STOCKHOLM, SWEDEN - JUNE 01: Anthony Smith (Right) kicks at Alexander Gustafsson (Left) during the UFC Fight Night event at the Ericsson Globe Arena on June 1, 2019 in Stockholm, Sweden. (Photo by Michael Campanella/Getty Images)
Michael Campanella/Getty Images

Thiago Santos, who holds a middleweight victory over Smith, has also had success at light heavyweight.

After jaw-jacking knockout wins over top-flight foes such as Jimi Manuwa and Jan Blachowicz, he earned a title shot opposite Jones. Despite entering the matchup as a huge underdog, he battled to a razor-thin split-decision loss. Some onlookers actually scored the fight in the Brazilian's favor, and debates surrounding the result rage to this day.

Think about that. A man who was knocked senseless by David Branch at middleweight gave the greatest light heavyweight ever his toughest challenge to date.

Based on that history, it's easy to understand why Weidman, a former middleweight champion with multiple title defenses on his resume, feels so confident as his debut in the light heavyweight division looms. But is he likely to follow in the footsteps of Smith and Santos? 

While it's possible Weidman backs up his confidence and goes on to challenge Jones, the extreme opposite is also on the table. Against heavier foes with just as much drive to win and markedly more power, the potential for disaster is huge.

Proof is readily available. Just look at Luke Rockhold.

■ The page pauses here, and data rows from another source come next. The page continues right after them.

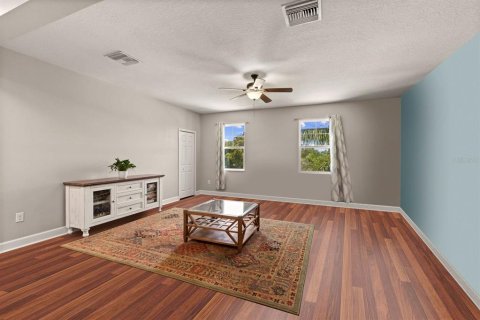 House in Bradenton, Florida 4 bedrooms, 240.52 sq.m. № 1778371 - photo 25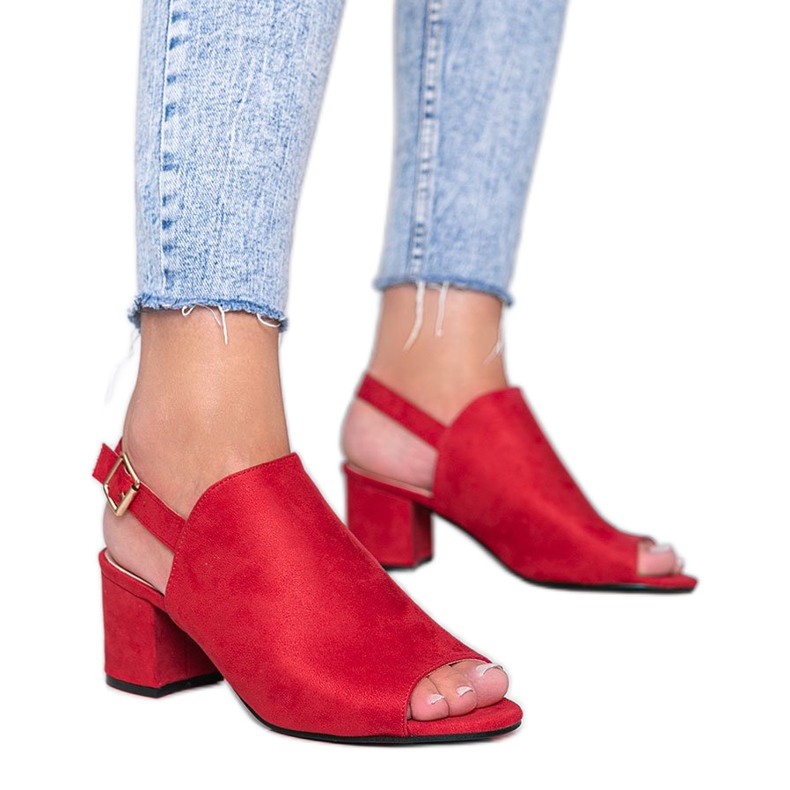 Rote Sandalen auf einem Pfosten mit Blubbery-Schaft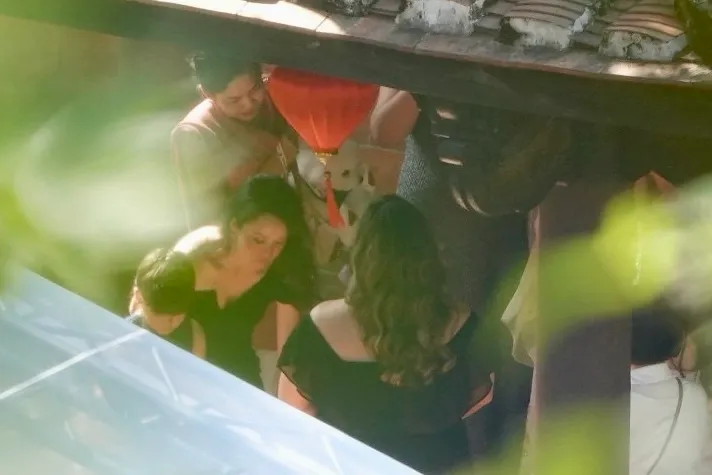 嘉賓們各個盛裝打扮出席婚宴。特勤中心攝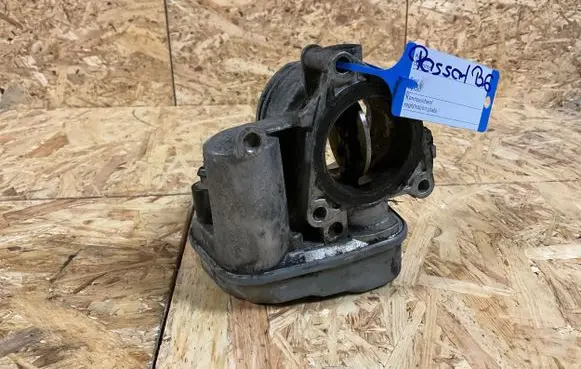 Volkswagen PASSAT B6 Throttle valve 03G128063B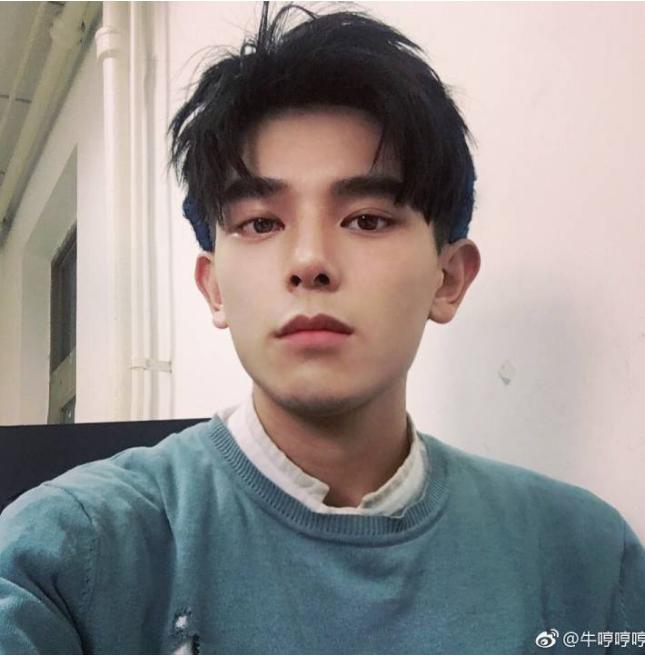 姚弛为什么叫姚哇哇、东哥(姚弛原名叫什么)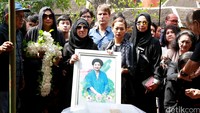 Indah selalu menemani jenazah sang bunda sejak di rumah sakit hingga ke tempat peristirahatan terakhirnya. Pool/Palevi S/detikFoto.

Like Weidman, Rockhold is a former middleweight champion. Like Weidman, he was stopped by strikes in many of his final middleweight bouts. Like Weidman, he probably had more all-around skill than his first light heavyweight opponent, Jan Blachowicz. Like Weidman, he boldly proclaimed himself the harbinger of Jones' demise before he'd even debuted at light heavyweight.

Then he was brutally knocked out by Blachowicz. He was defeated so emphatically that many now believe he should retire.

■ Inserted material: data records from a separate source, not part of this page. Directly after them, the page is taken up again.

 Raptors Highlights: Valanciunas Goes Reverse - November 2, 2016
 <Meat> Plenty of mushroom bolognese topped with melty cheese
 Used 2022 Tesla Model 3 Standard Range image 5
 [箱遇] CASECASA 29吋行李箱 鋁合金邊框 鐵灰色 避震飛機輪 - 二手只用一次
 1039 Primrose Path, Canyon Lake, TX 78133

LAS VEGAS, NEVADA - JULY 06:  Luke Rockhold of the United States  looks on after being knocked out by Jan Blachowicz of Poland during their UFC 239 Light Heavyweight bout at T-Mobile Arena on July 06, 2019 in Las Vegas, Nevada. (Photo by Sean M. Haffey/Ge
Sean M. Haffey/Getty Images

That's the problem with late-career division changes. While they can sometimes be revivifying, they can also serve as the final nail in a struggling fighter's coffin. This was true for Rockhold. What he viewed as a fresh start looked to his numerous skeptics like a last-ditch effort to get back on track. When it failed, they lowered his career into the ground and buried it. 

Weidman could find himself in a similar situation if he loses to Reyes in Boston—particularly by stoppage, which is a real possibility.

Like Blachowicz, who so effortlessly crushed Rockhold's light heavyweight dreams, Reyes is a top-10 fighter in his division. He's also as venomous a finisher as you'll find in MMA. His last fight, an insipid split-decision defeat of Oezdemir, makes it easy to forget, but he's finished eight of his 11 wins.

Weidman certainly has the skills to defeat Reyes—and potentially even work his way to Jones—but there is no arguing he's got his hands full in his light heavyweight debut. 

In the main event of UFC on ESPN 6, the former middleweight champion will come to a crossroads. One path will lead to a new start in a division other former middleweights have done well in. The other will lead to a grim juncture at which he's viewed as the sport's latest wash-up.

We'll see which one he wanders down.